2. SALARY AND PAID TIME OFF PAY. The Bank shall pay to Associate his normal salary, less normal deductions and withholdings, through the Retirement Date, and agrees to provide the Special Payment and consideration to Associate as set forth below. The Bank also shall pay to Associate the amount of NINE HUNDRED SIXTY-ONE and 54/100 Dollars ($961.54) less normal deductions and withholdings, representing Associate's accrued but unused paid time off calculated as of the Retirement Date.
3. SPECIAL PAYMENT. No later than January 15, 2015, the Bank shall pay to Associate the amount of THREE HUNDRED THIRTY-THREE THOUSAND THREE HUNDRED THIRTY-THREE and 33/100 Dollars
($333,333.33), less appropriate withholdings, for and in consideration of the provisions of Paragraph 5 (Covenant of Good Faith and Confidentiality), Paragraph 6 (Covenants of Nonsolicitation and Nondisclosure), and the other terms and conditions of this Agreement (such amount shall be referred to as the "Covenant Consideration"), and the amount of ONE HUNDRED SIXTY-SIX THOUSAND SIX HUNDRED SIXTY-SIX and 67/100 Dollars ($166,666.67), less appropriate withholdings, for and in consideration of the provisions of Paragraph 7 (Release) (such amount shall be referred to as the "Release Consideration") (the Covenant Consideration and the Release Consideration shall be referred to collectively as the "Special Payment").
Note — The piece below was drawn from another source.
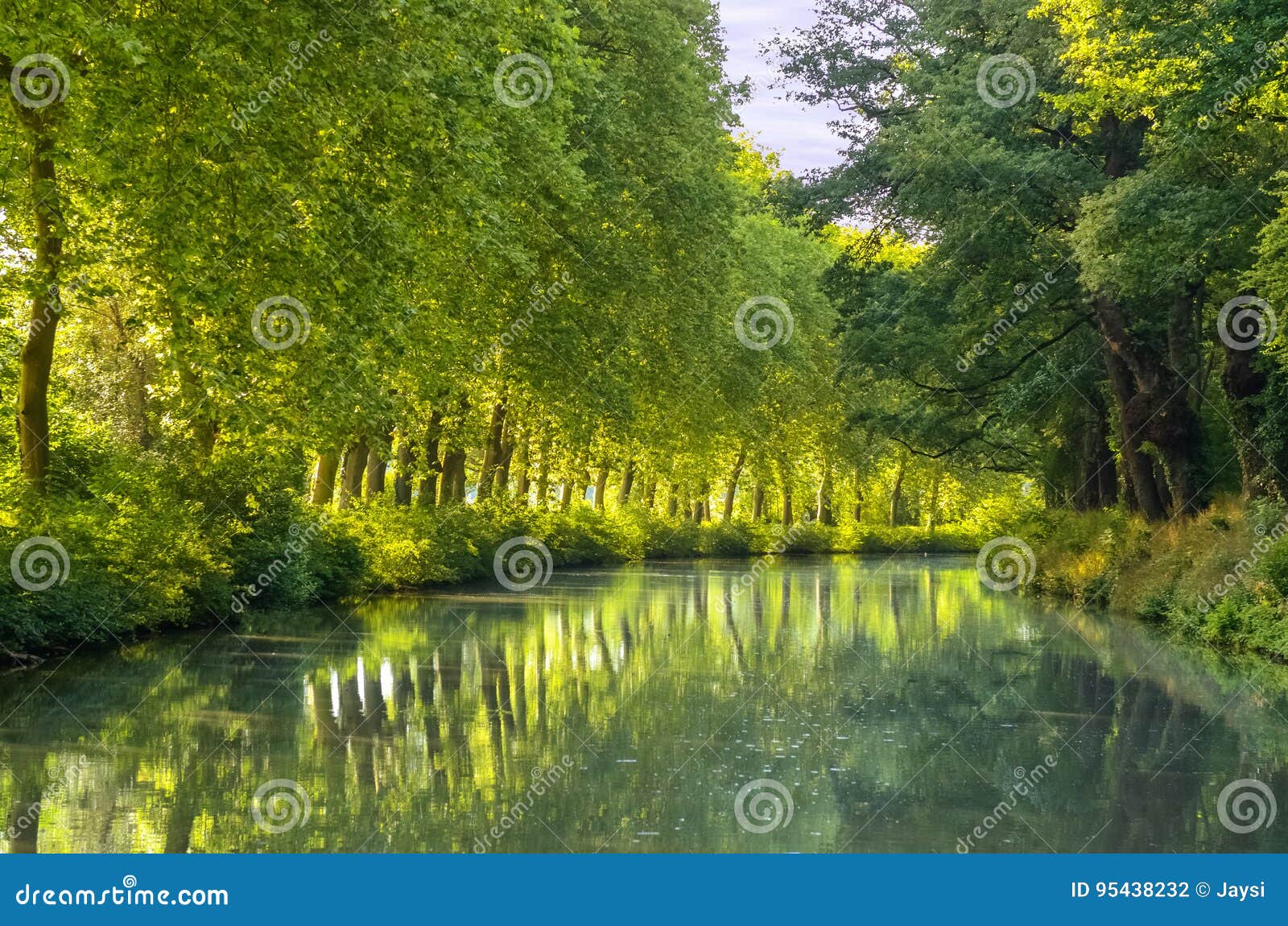 canal du midi, sycamore trees reflection in water, france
The total Special Payment, less appropriate withholdings, shall be the amount of FIVE HUNDRED THOUSAND and NO/100 Dollars ($500,000.00).
4. TERMINATION/CONTINUATION OF CERTAIN RIGHTS AND BENEFITS. Except as provided below in Paragraph 10, Associate recognizes and agrees that payment of his salary, payment of accrued but unused paid time off, and payment of the Special Payment, as described in Paragraphs 2 and 3 above, are in full settlement of any wages and benefits owed to Associate through the Retirement Date and that, except for Associate's rights and benefits under this Agreement, Associate's vested rights in the Bank's benefit or retirement plans (including without limitation the "Plan" described in Paragraph 10), and Associate's eligibility to continue certain group insurance coverage pursuant to Associate's rights under the provisions of state law and/or the Consolidated Omnibus Budget Reconciliation Act ("COBRA"), to the extent permitted by law, all of Associate's employment rights, wages, and benefits with the Bank, and all subsidiaries and affiliates of the Bank, shall terminate and be forfeited as of the Retirement Date, including, without limitation, Associate's eligibility for further payment of any salary, paid time off, personal leave, sick leave, severance pay, incentive awards, bonuses, or any other amounts. Associate further recognizes and agrees that payment of Associate's salary, payment of accrued but unused paid time off, and payment of the Special Payment by the Bank are not to be construed as an admission of liability on the part of the Bank or its subsidiaries or affiliates, and that the Bank has denied and denies any violation of any law and any liability, and intends by such payments simply to recognize Associate's length of service and Associate's retirement from employment, and to avoid the time and costs of any legal proceedings.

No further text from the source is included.